How does one escape poverty? What opportunities are presented to those impoverished to improve their material well-being? What is poverty in general? Gomorrah answers all three questions.

 

The solutions to the questions are not idyllic. They all involve gang-violence, Italian style. Or, Mafioso. The film does not center itself on anyone character in this gangland universe. Instead, it shows many different facets of a machine that the poor use to nourish themselves, and to create an identity. This identity is typified by working up the ranks of a violent occupation. What choice do the youth have, who are no older than 12 years old? This is the accepted way of life for a perceptible Italian government concrete-ghetto. Self-fulfillment is seen, by necessity, through holding a gun, transporting coke, or being an accomplice to an assassination.

 

Clearly, this film is as much a critique of Italian government – and by extension Italian society – than it is of the gangsters that swell in numbers and act viciously. The extent in which Italian society intervenes in this tragic mayhem is the occasional police bust for selling drugs. They do not have the momentum to thwart a well-connected network of men whose interests are aligned in sustaining the illegal operations. They have created their own opportunities, and their own means to prosperity, through collaborating with immorality.

 

If the youth and their families had a culture which embraced self-perfection, and therefore crafting of the intellect, it may be possible for disinterest toward mob violence to saturate the ghetto. But the basis of poverty is that it begets more of it. It is an endless stream which will only change its current from its own volition, not through any outside intervention.
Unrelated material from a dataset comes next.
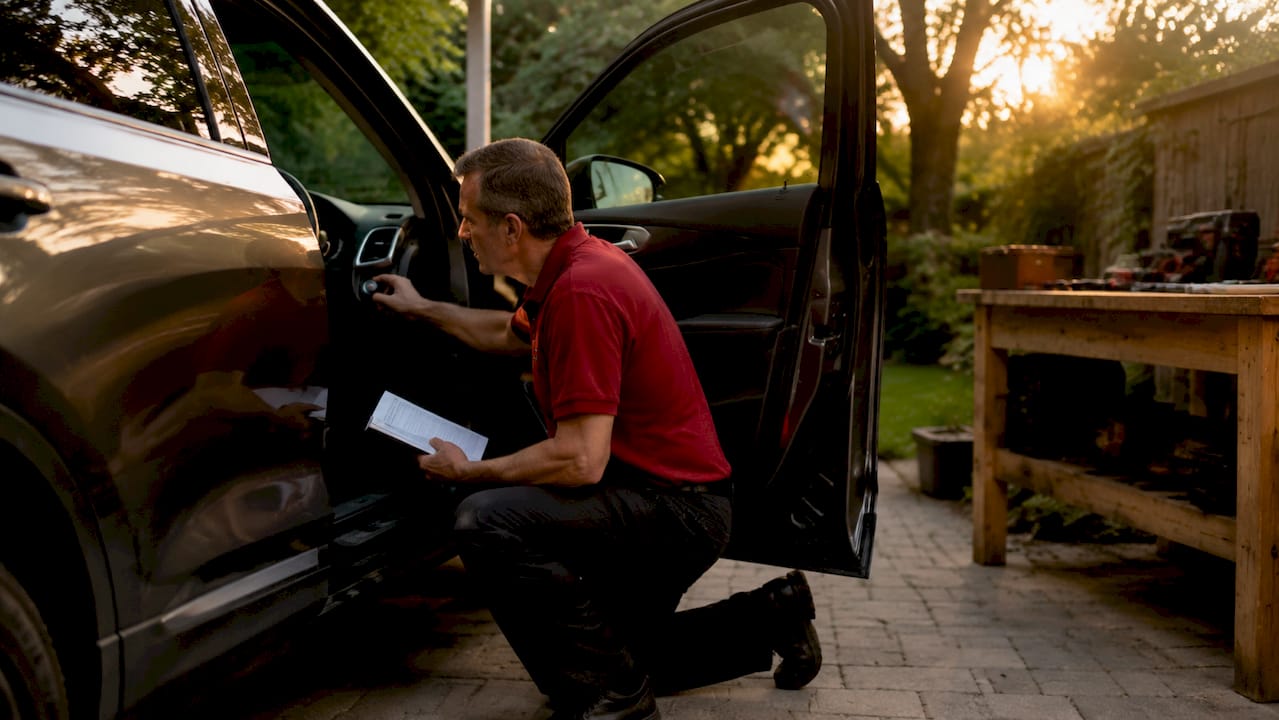 Car owner manually resetting maintenance light in garage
Thus, public education, assuming its quality is exceptional (which would be a rarity), is not sufficient a resource to assist in dismantling the nourishment gangsters offer.

 

Gangsters do not offer simply a vocation, nor bread and wine. They offer an identity. They offer a youngster, from a humiliating background, an opportunity to be envied. Science and mathematical pursuits do not foster such a strong sense of awareness of significance. The immediate impression of respect by a gang-member circling the residency is much more profound to a growing boy than the wonders of the universe. After all, not many in his microcosm know who Isaac Newton was, but they do know the names and the level of dignity of the mafia troop.

 

The film does not limit itself to ghetto warfare. It shows the levels of hierarchy in the organization, towards upper-management goons who shave expenses off of companies through illegitimately undermining their competition. The successful who enjoy these tainted fruits of labor, simply shrug at the fact of life. It is as if they did not participate, someone else would. Their service then is a necessity to society. It is how “it has always been”.